### Exercise data

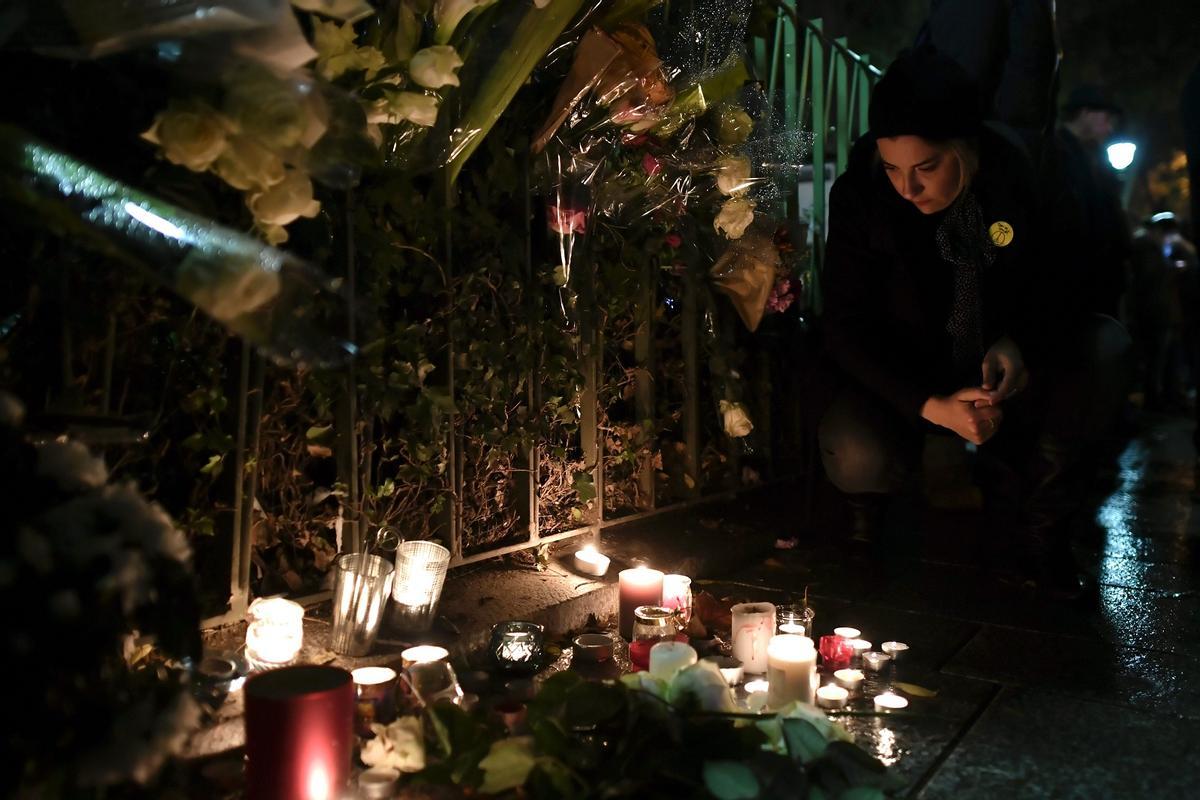 Una mujer se arrodilla cerca de la sala Bataclan, en Paris, donde se produjo el atentado terrorista el 13 de noviembre de 2015.
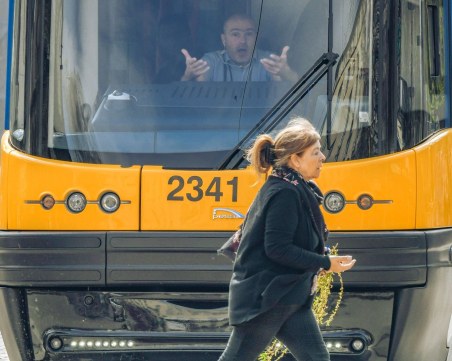Каква история се крие зад снимката, взривила социалните мрежи? Разказва ватманът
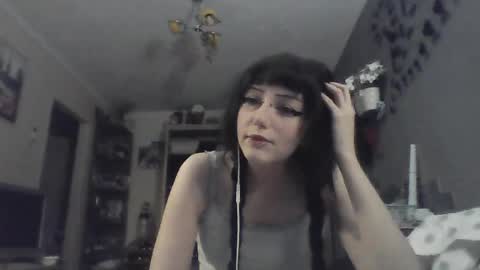 Lia online show from 05/21/26, 05:31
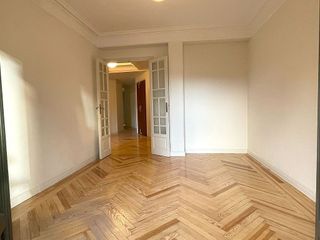 Piso en alquiler en Recoletos en Madrid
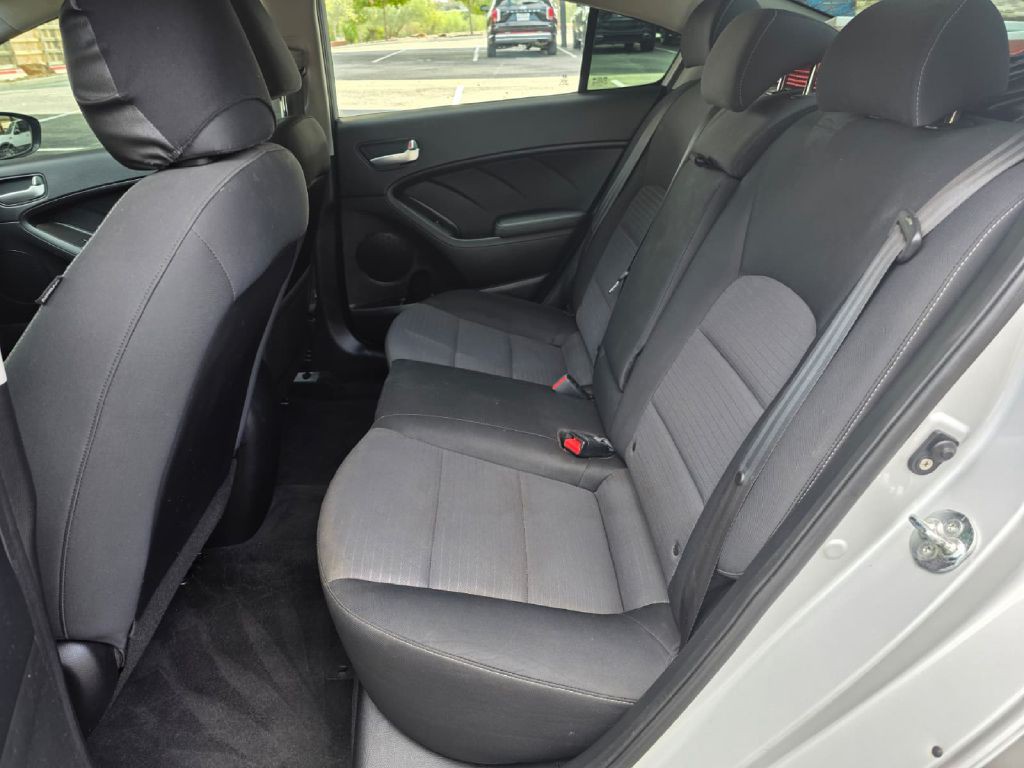 2018 Kia Forte Image 13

### Task description
Return the material in full and unaltered, minus its pictures.

### Your response
 Una mujer se arrodilla cerca de la sala Bataclan, en Paris, donde se produjo el atentado terrorista el 13 de noviembre de 2015.
Каква история се крие зад снимката, взривила социалните мрежи? Разказва ватманът
 Lia online show from 05/21/26, 05:31
 Piso en alquiler en Recoletos en Madrid
 2018 Kia Forte Image 13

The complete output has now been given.